::: Records for this exercise :::

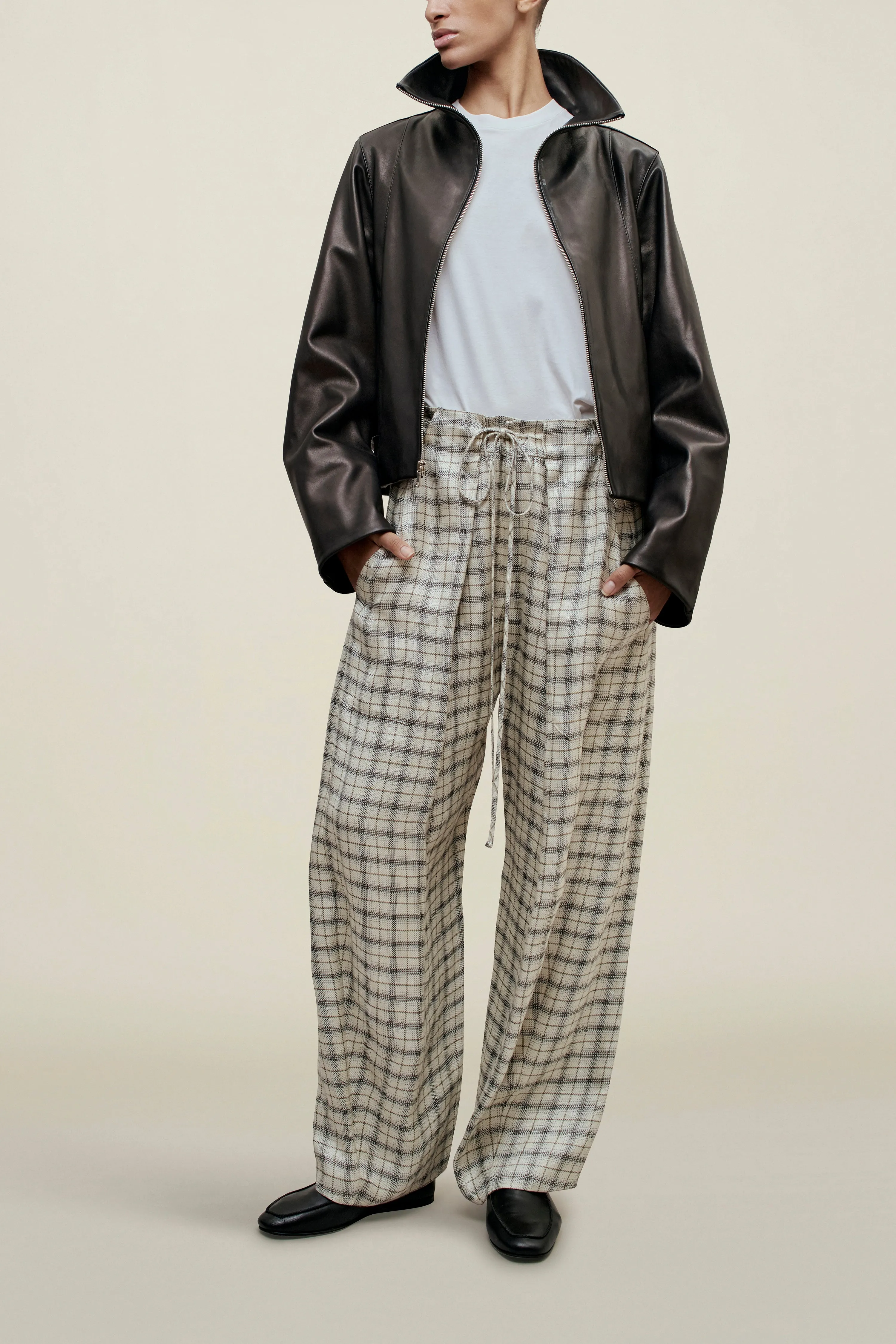 Clemence Pant in Linen Viscose sold by Kall Meyer product image thumbnail 4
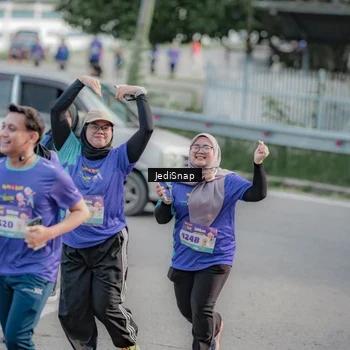 Runner Photo 8337813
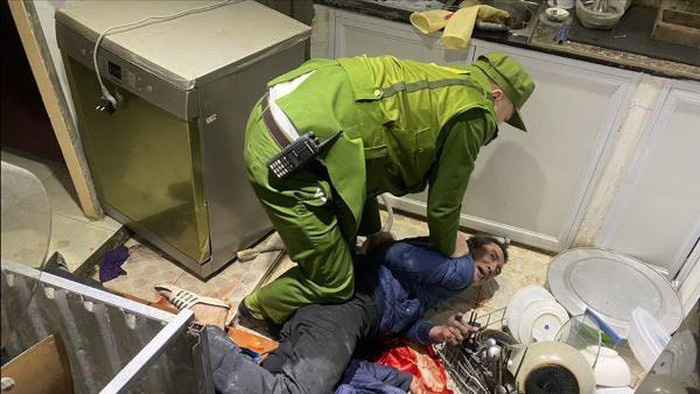Một lãnh đạo nhà hát vũ kịch bị anh vợ "ngáo đá" xông vào nhà đâm tử vong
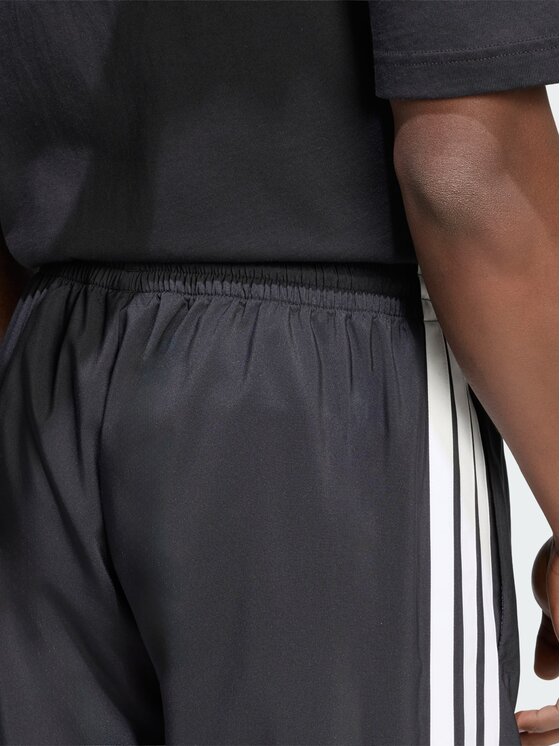 adidas adidas Spodnie materiałowe 168584 Czarny Regular Fit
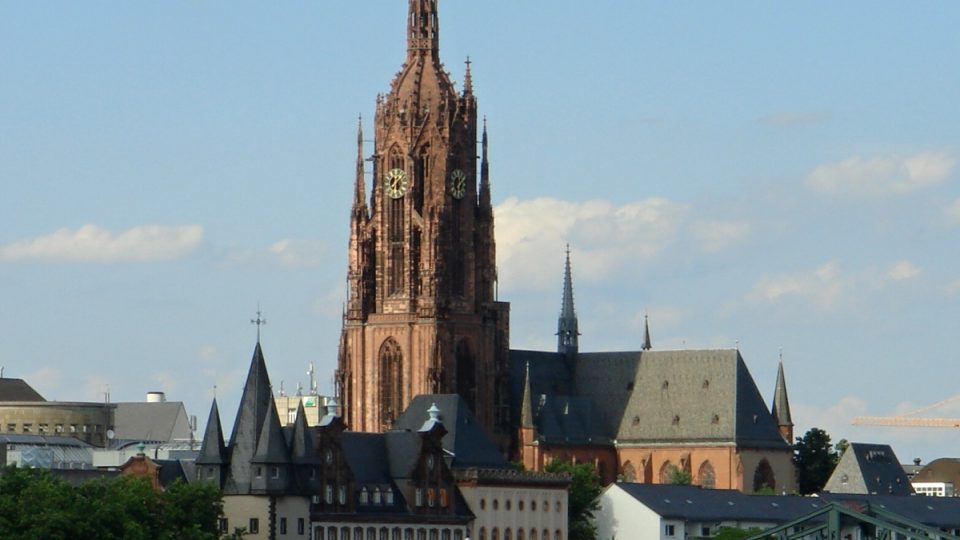 Na několik století se stala frankfurtská katedrála svědkem volby říšského panovníka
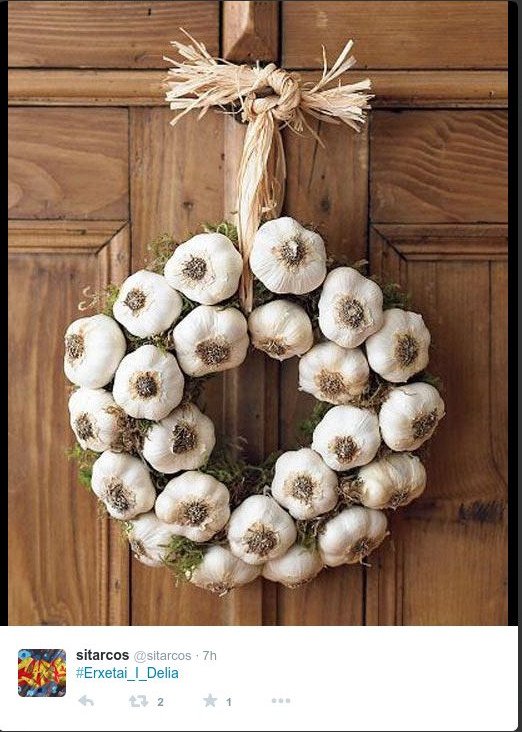 Το Twitter «υποδέχεται» τη Βελκουλέσκου: #Erxetai_i_Delia, άρχισαν τα τσιφτετέλια [εικόνες] | iefimerida.gr 13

:::

Activity: Repeat the listing above in full, exactly, and omit its pictures.

Response area:
 Clemence Pant in Linen Viscose sold by Kall Meyer product image thumbnail 4
 Runner Photo 8337813
Một lãnh đạo nhà hát vũ kịch bị anh vợ "ngáo đá" xông vào nhà đâm tử vong
 adidas adidas Spodnie materiałowe 168584 Czarny Regular Fit
 Na několik století se stala frankfurtská katedrála svědkem volby říšského panovníka
 Το Twitter «υποδέχεται» τη Βελκουλέσκου: #Erxetai_i_Delia, άρχισαν τα τσιφτετέλια [εικόνες] | iefimerida.gr 13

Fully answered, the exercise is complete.